■ Data shown:
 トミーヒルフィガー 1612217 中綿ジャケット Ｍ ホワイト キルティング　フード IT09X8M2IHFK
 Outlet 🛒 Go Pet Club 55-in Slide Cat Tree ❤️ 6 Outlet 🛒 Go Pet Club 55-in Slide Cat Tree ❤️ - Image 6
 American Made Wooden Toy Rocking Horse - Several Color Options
...
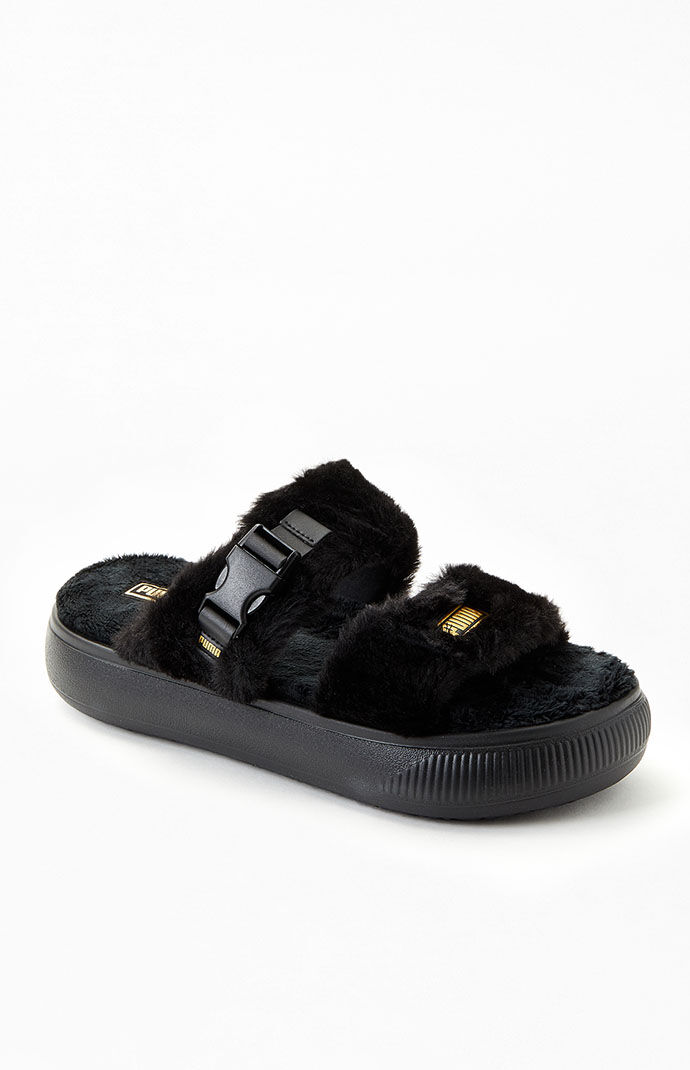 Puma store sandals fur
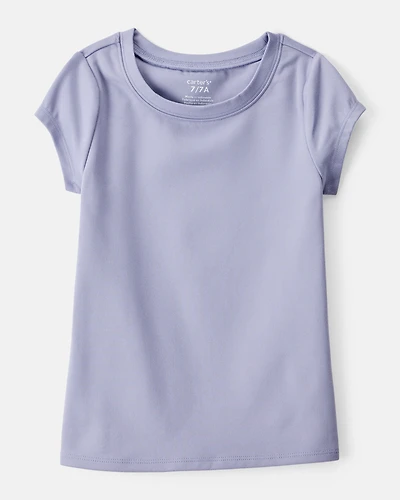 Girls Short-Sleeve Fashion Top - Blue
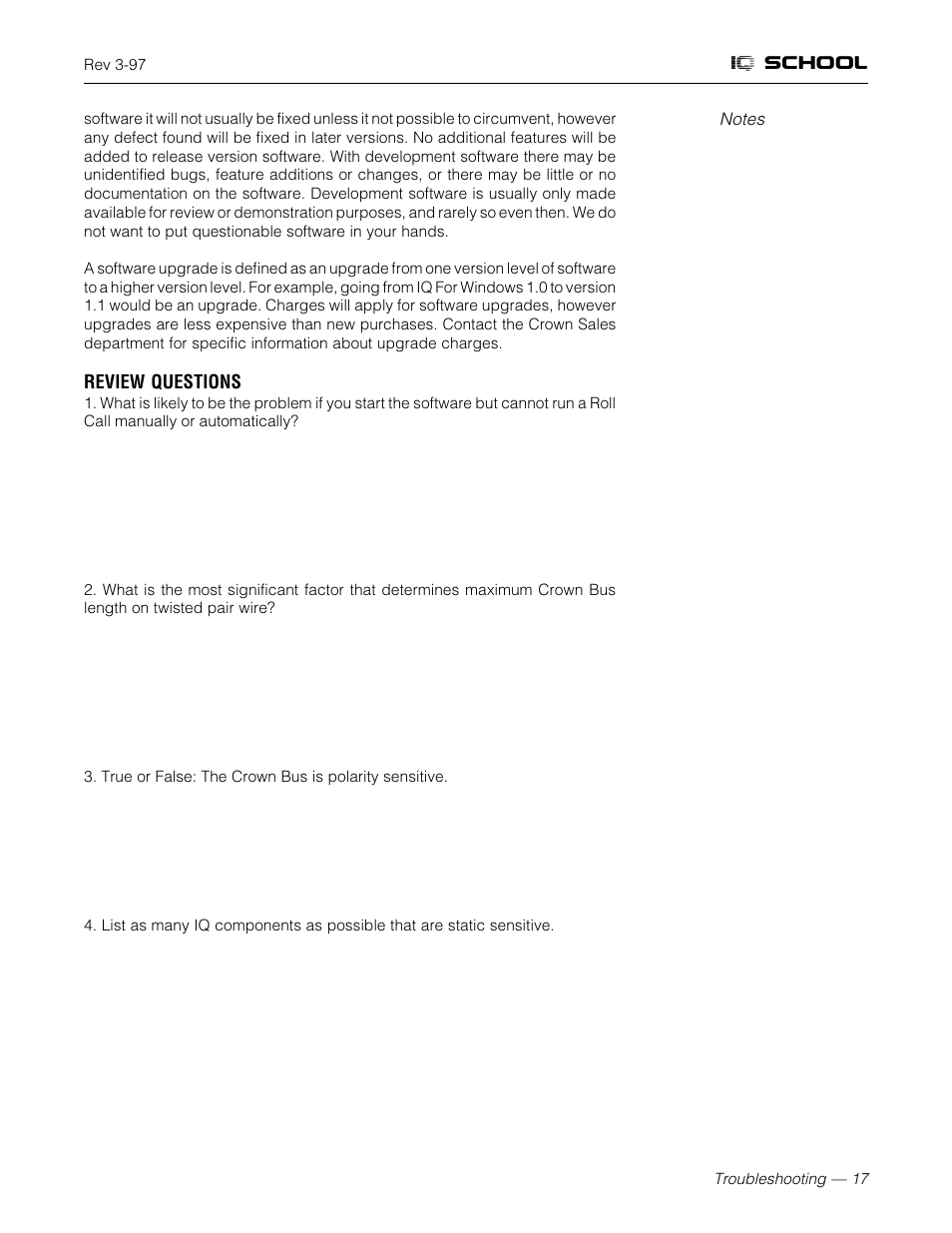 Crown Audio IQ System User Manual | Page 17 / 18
==
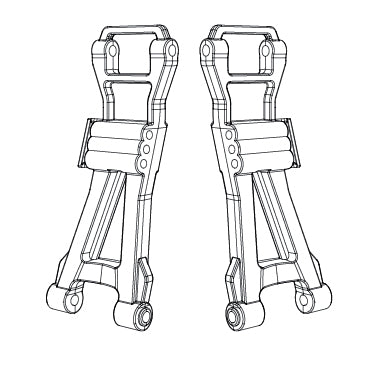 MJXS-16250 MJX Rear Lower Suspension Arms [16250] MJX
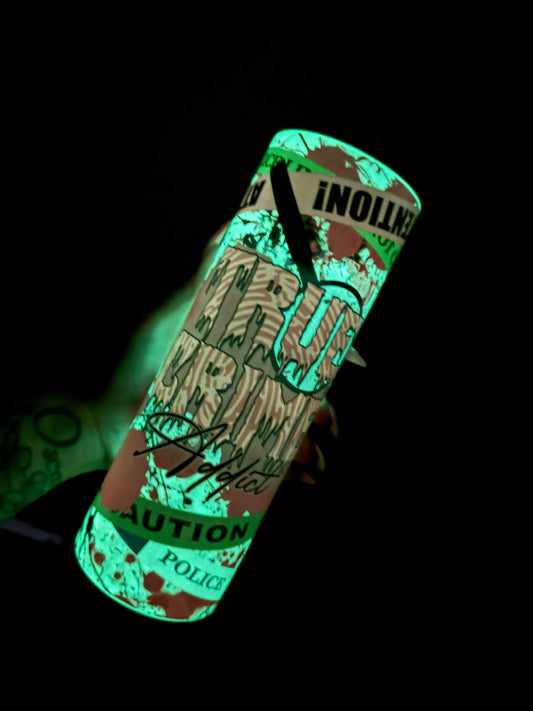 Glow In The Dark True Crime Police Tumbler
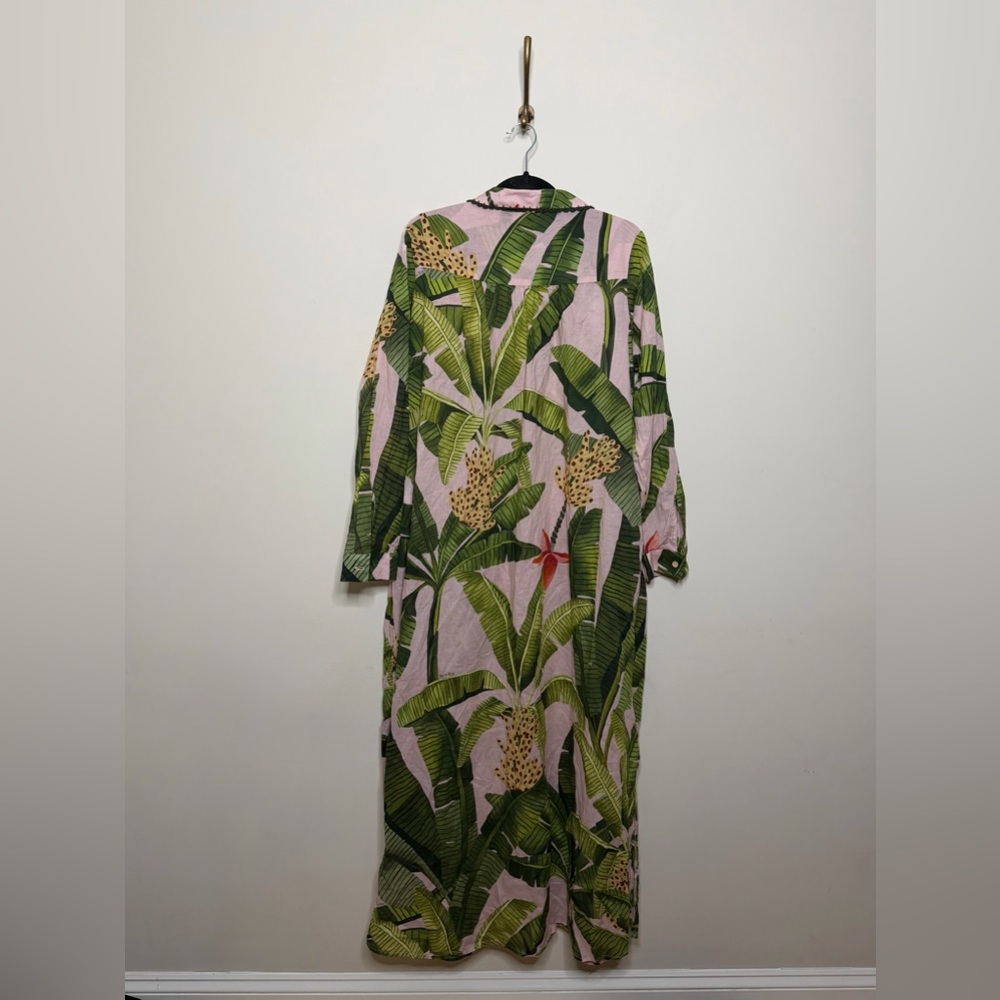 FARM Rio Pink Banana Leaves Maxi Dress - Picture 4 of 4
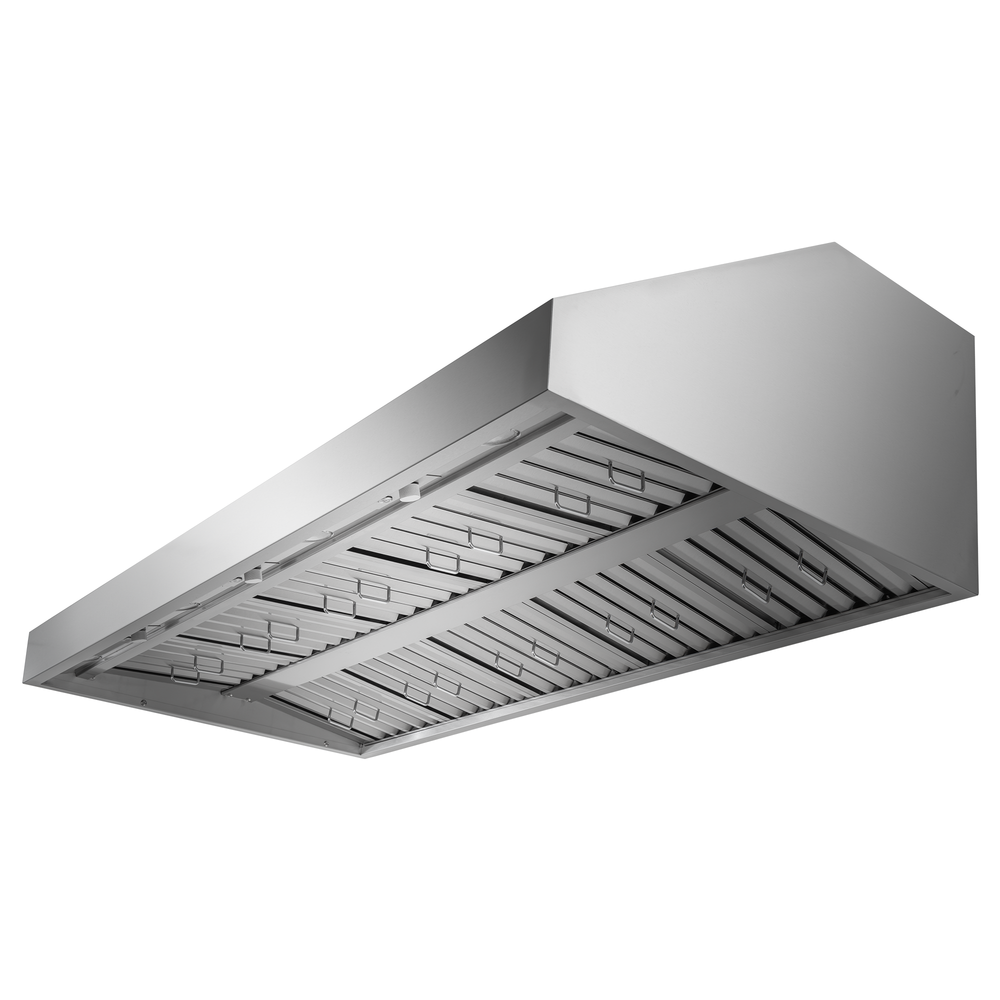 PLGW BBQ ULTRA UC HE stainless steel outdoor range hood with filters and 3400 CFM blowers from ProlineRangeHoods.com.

■ Assigned task:
Though the entries above contain pictures, none should be copied; reproduce only the lines between the one holding "MJXS-16250 MJX Rear" and the one holding "PLGW BBQ ULTRA", inclusive, exactly as written.

■ Result of the exercise:
 MJXS-16250 MJX Rear Lower Suspension Arms [16250] MJX
 Glow In The Dark True Crime Police Tumbler
 FARM Rio Pink Banana Leaves Maxi Dress - Picture 4 of 4
 PLGW BBQ ULTRA UC HE stainless steel outdoor range hood with filters and 3400 CFM blowers from ProlineRangeHoods.com.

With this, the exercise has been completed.